Let me know if you’d like to pursue this.
-Stan
On 10/7/10 7:41 AM, "Steve Baskauf" <steve.baskauf@vanderbilt.edu>
wrote:
I agree that it is best to avoid a
proliferation of terms and I agree that it is best to keep
Darwin Core technology independent to the maximum extent
possible. However, I think that the case of facilitating
HTTP URIs is a special one because of the requirements of
GUIDs/Persistent Identifiers. Both the TDWG and GBIF
guidelines such as they currently stand say that GUIDs must
be resolvable, that in their resolution they must return
RDF, and that the RDF has to be in an XML format. Like it
or not, that is what we have. Given the amount of time that
it seems to have taken to settle on that much, I think it is
best for us to decide to live with it, warts and all, rather
than re-opening the discussion and delaying the
implementation of GUIDs for another five years.
Given that assumption, there needs to be within Darwin Core
some way to support this particular "technology" (Linked
Data, RDF/XML) even if we don't do "special" things to
support other technologies such as LSID, DOI, etc. The
point is well taken that most of those other technologies
have mechanisms for turning their identifiers into URIs and
the aforementioned guidelines lay out how owl:sameAs can be
used within the RDF to associate the non-HTTP-resolvable
forms with the URIs. Based on my admittedly limited
experience with trying to write RDF using Darwin Core terms,
I think that in most cases there already exists appropriate
terms for getting the job done. What may be lacking is
concrete examples and community consensus on what terms to
use for what.

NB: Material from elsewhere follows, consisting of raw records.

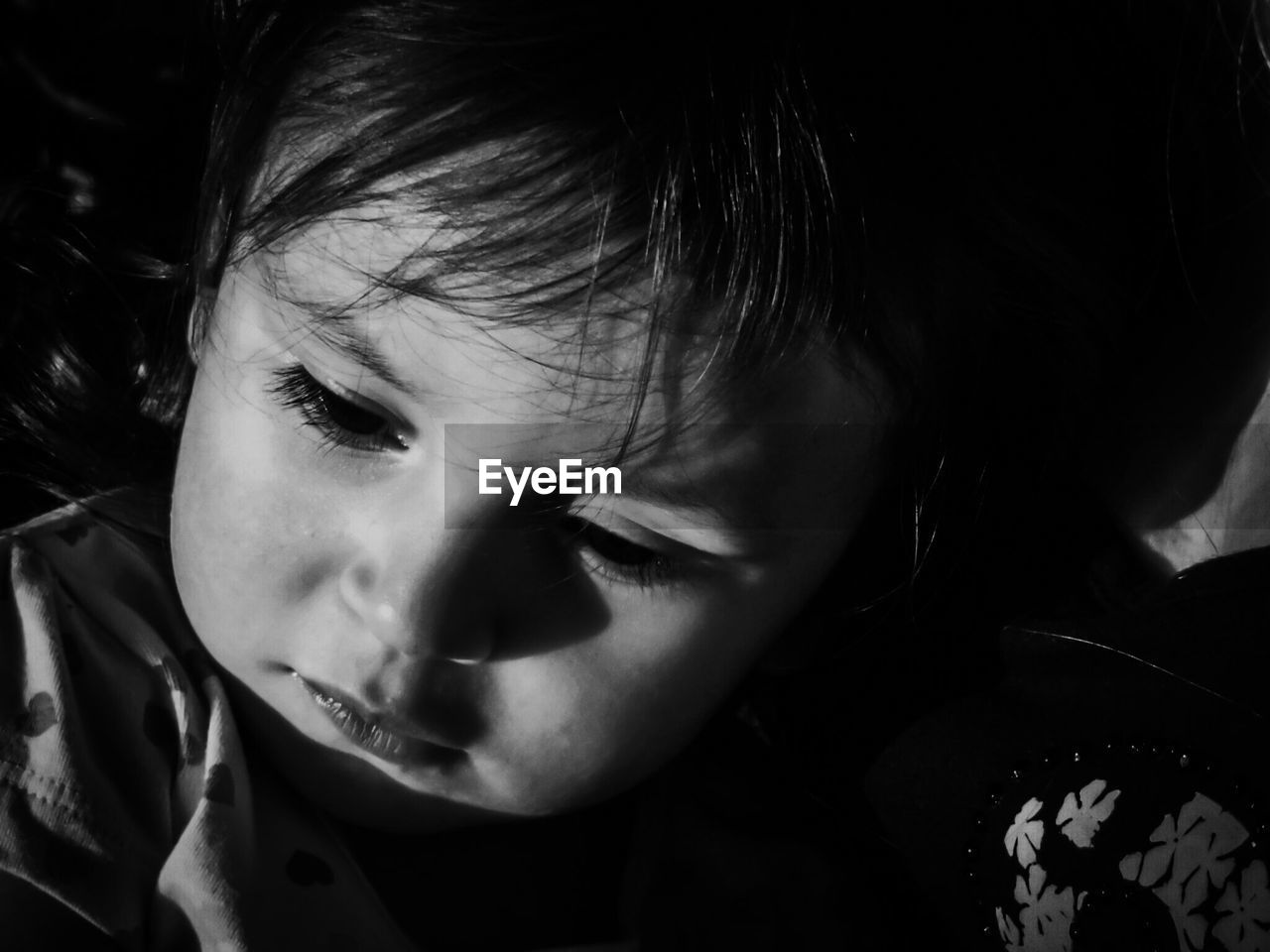 CLOSE-UP OF BABY GIRL WITH EYES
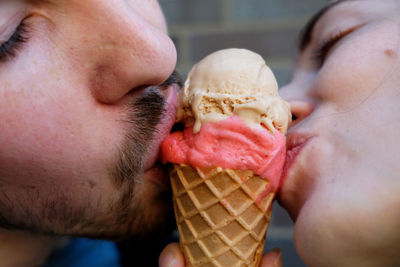 Close-up of couple sharing ice cream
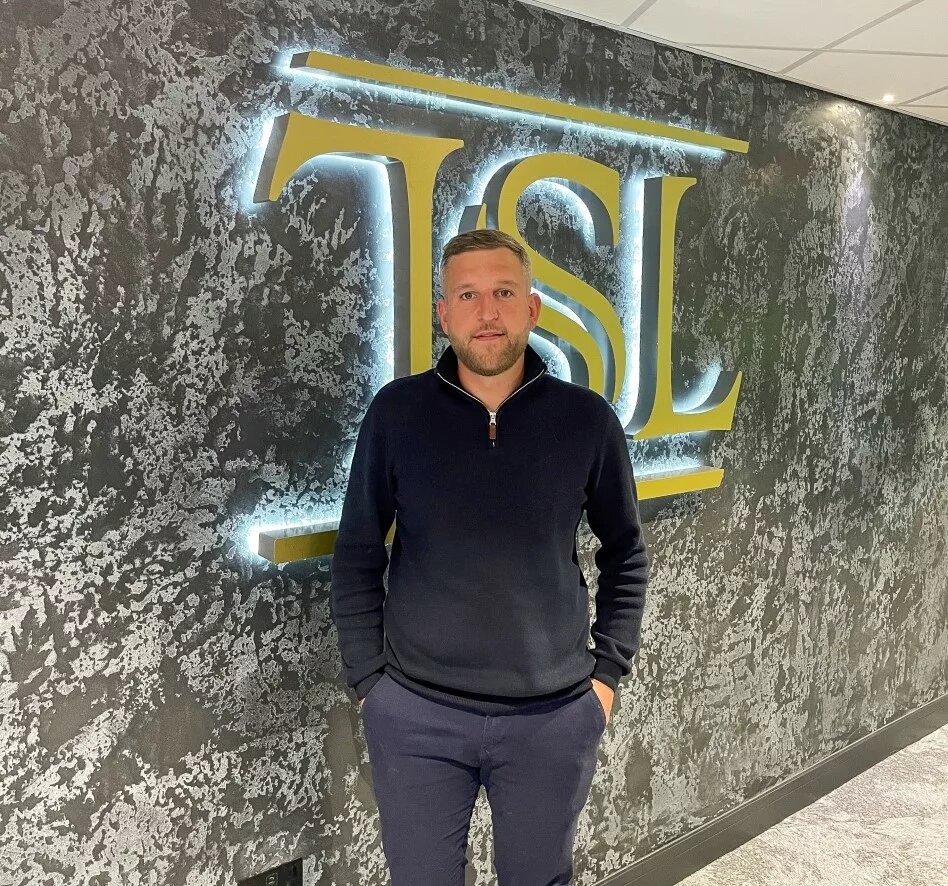 Photo of Antony Knight stood in front of a neon TSL sign.
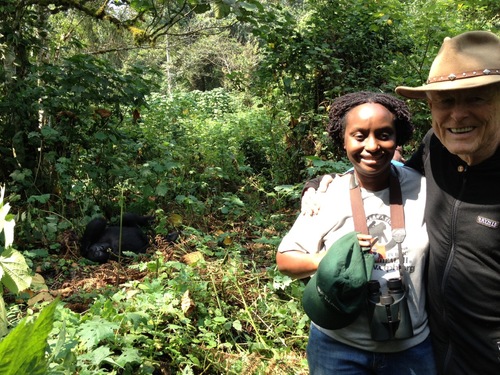 WINGS Fellow Gladys Kalema-Zikusoka shows Alan Nichols, president of the Explorers Club, the gorillas she is working with in the Biwindi National Forest in Uganda.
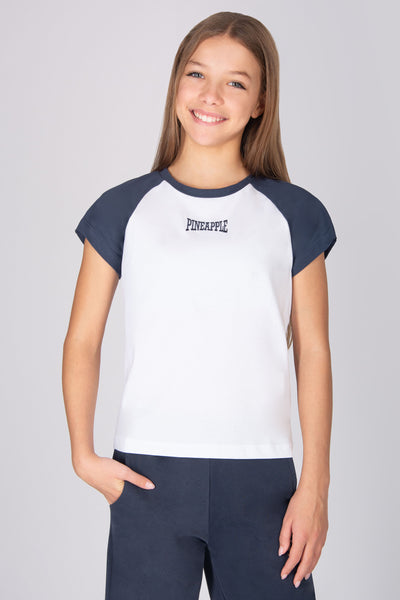 Teenage girl wearing a white and dark grey raglan sleeve t-shirt with 'Pineapple' logo on a plain background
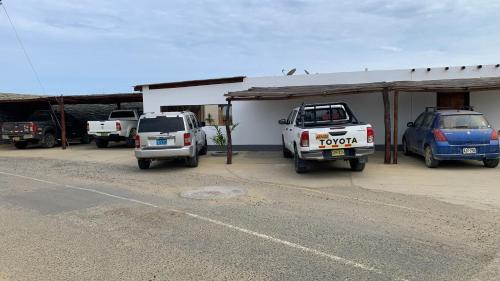 a couple of cars parked in a garage at Aloha Lobitos in Lobitos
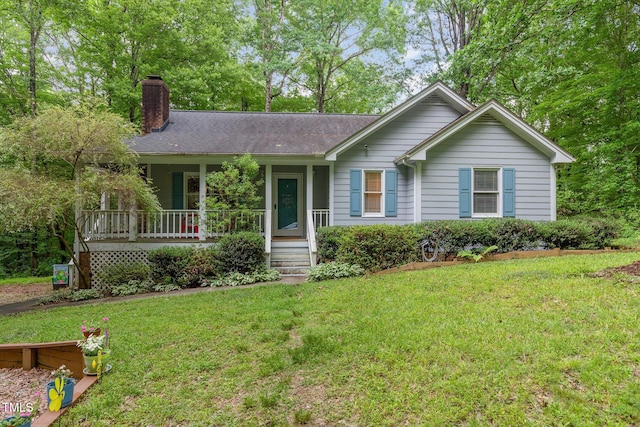 single story home featuring a chimney, covered porch, and a front lawn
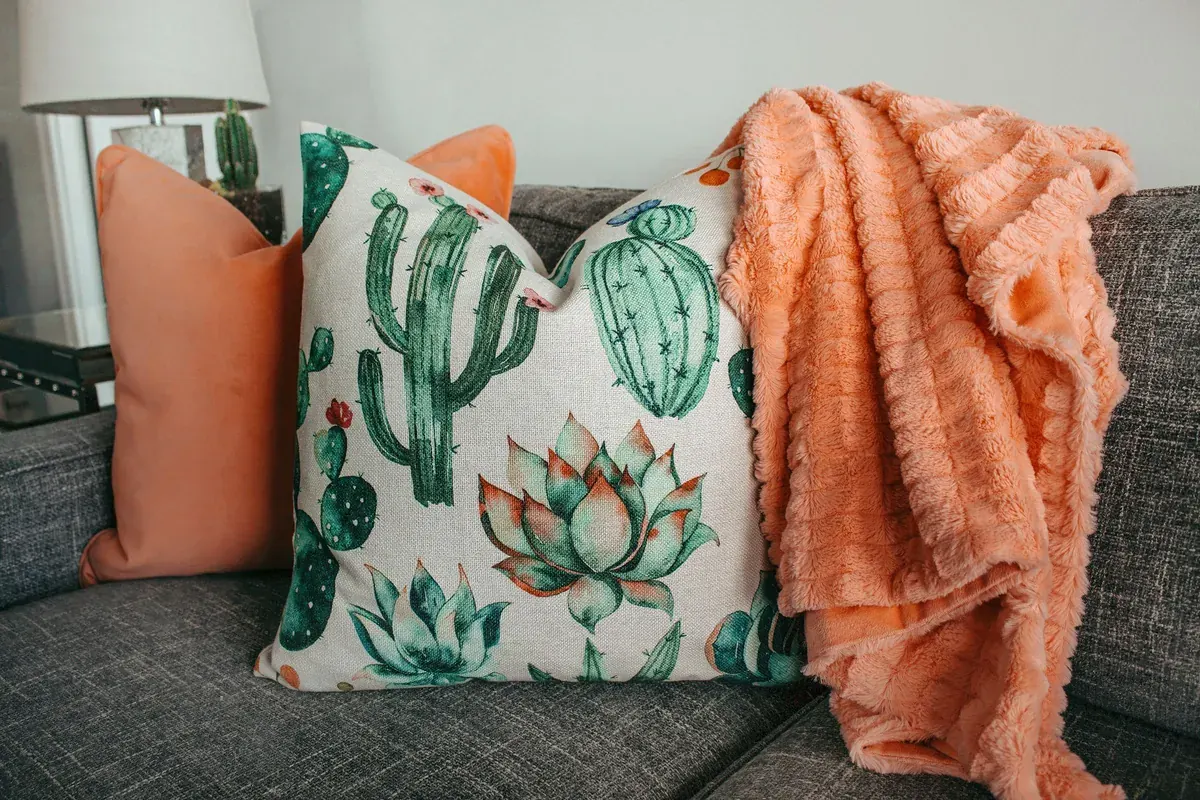 Coussin imprimé de cactus, coussin orange uni et plaid orange à franges sur un canapé gris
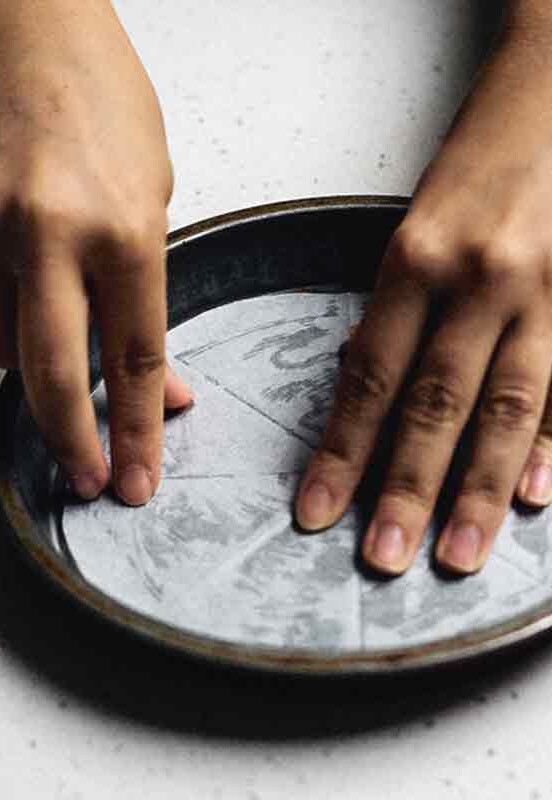 A person demonstrating how to line a pan with parchment paper by fitting a cut circle of paper into the pan.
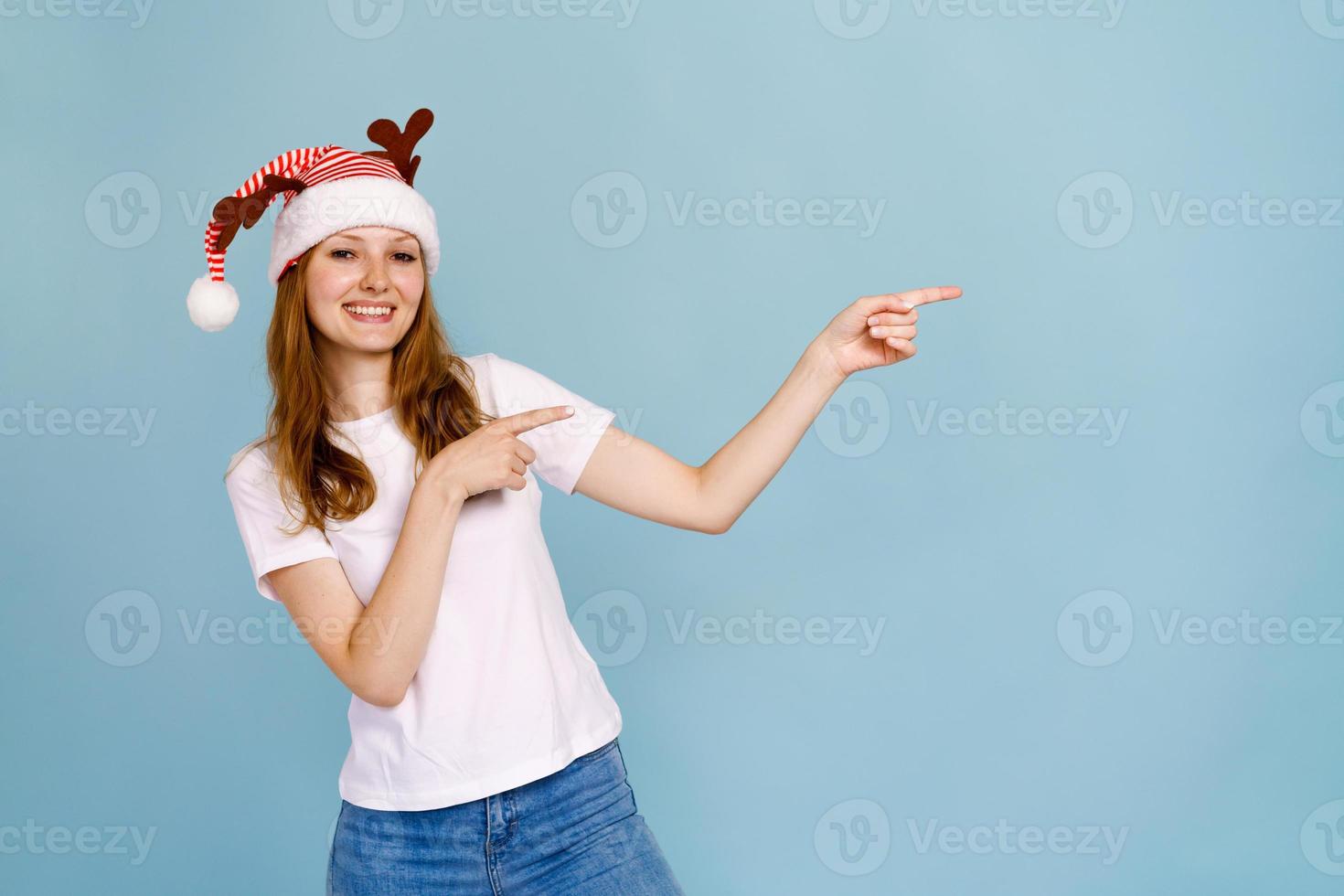 Cheerful santa girl in funny decorative deer antlers, pointing with forefinger photo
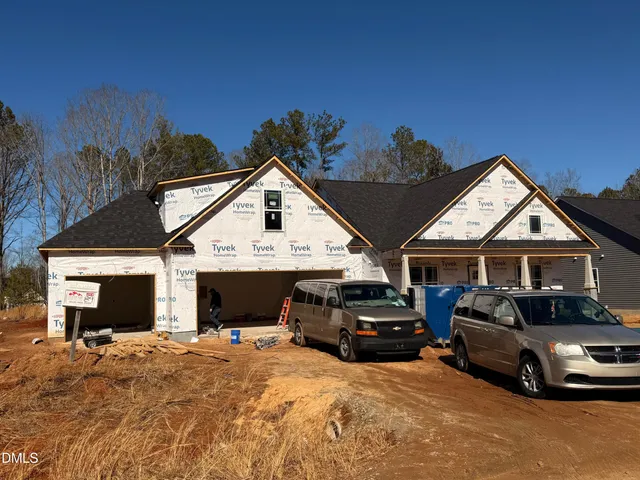 a view of a car parked in front of house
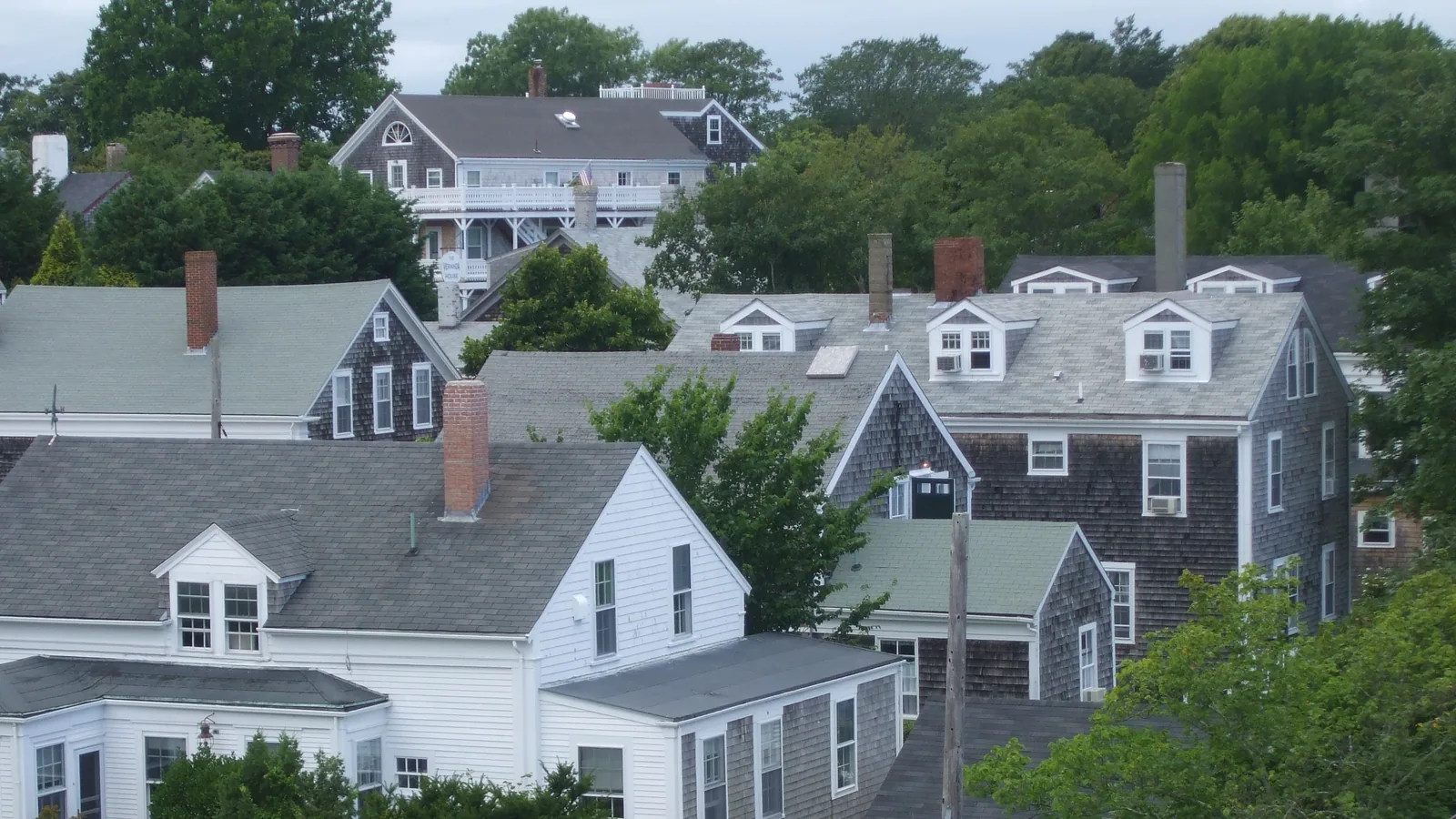 Cedar-shingled and white clapboard houses with brick chimneys and dormers in Nantucket town, seen from above the rooftops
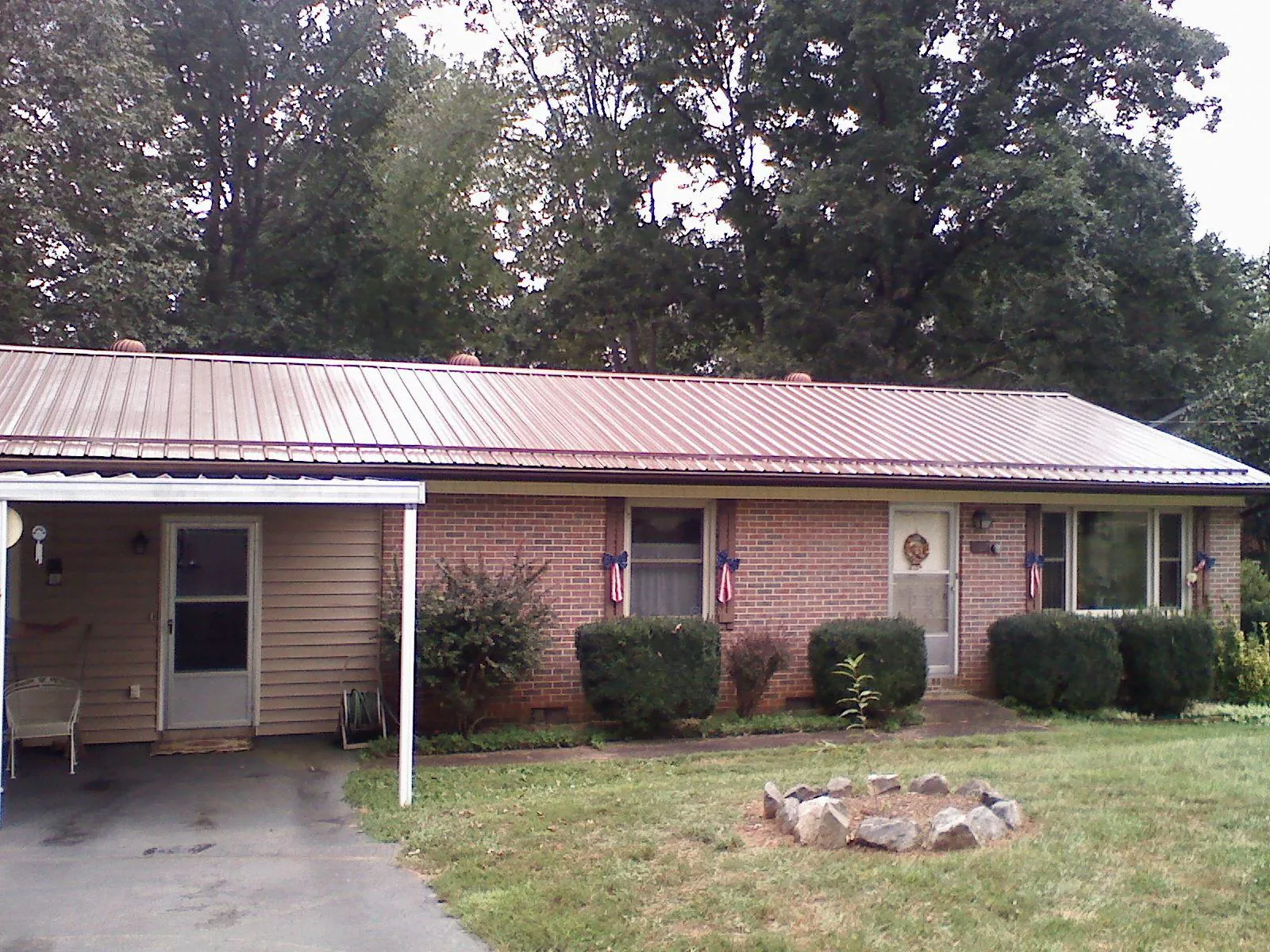 Bronze metal roof and carport on a brick ranch home — Roof Repair work by our crew in Honey Creek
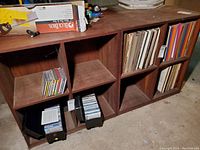 Two wooden shelves each with 4 compartments, some containing records and CDs. Shelves show surface wear like scuffs and scratches.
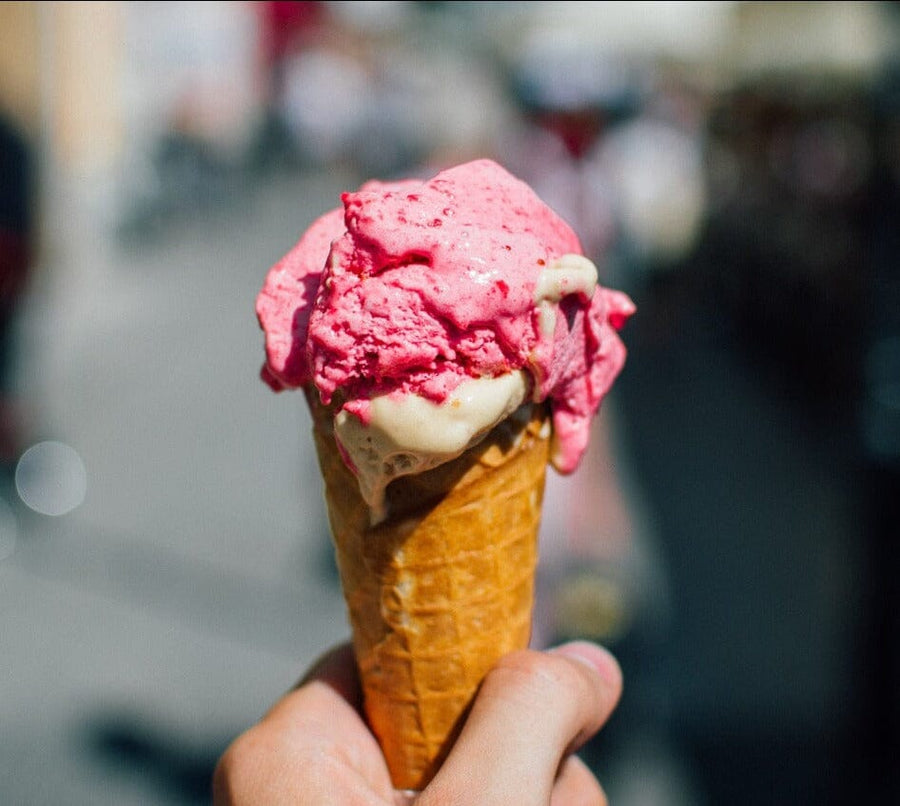 picture of ice cream cone with vanilla nd cherry ice cream. pix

I also think that there are probably some
"ID" terms where it isn't really very important (from an RDF
point of view) that there exist both a URI form and a text
string form. I'm thinking of something like
dwc:identificationID, which is mostly likely to be needed to
allow a machine to make a connection between some resource
and its identification. The machine isn't going to care if
there is a human-readable version. In contrast, something
like dwc:collectionID is likely to need both a URI version
(e.g. proxied version of the BCI LSID) for the machines and
a string version (the name of the collection as it would be
displayed) for humans. I think that trying to make
example/template RDF for various types of resources will
help make it clear in which cases one version (URI), the
other (string), or both are actually necessary.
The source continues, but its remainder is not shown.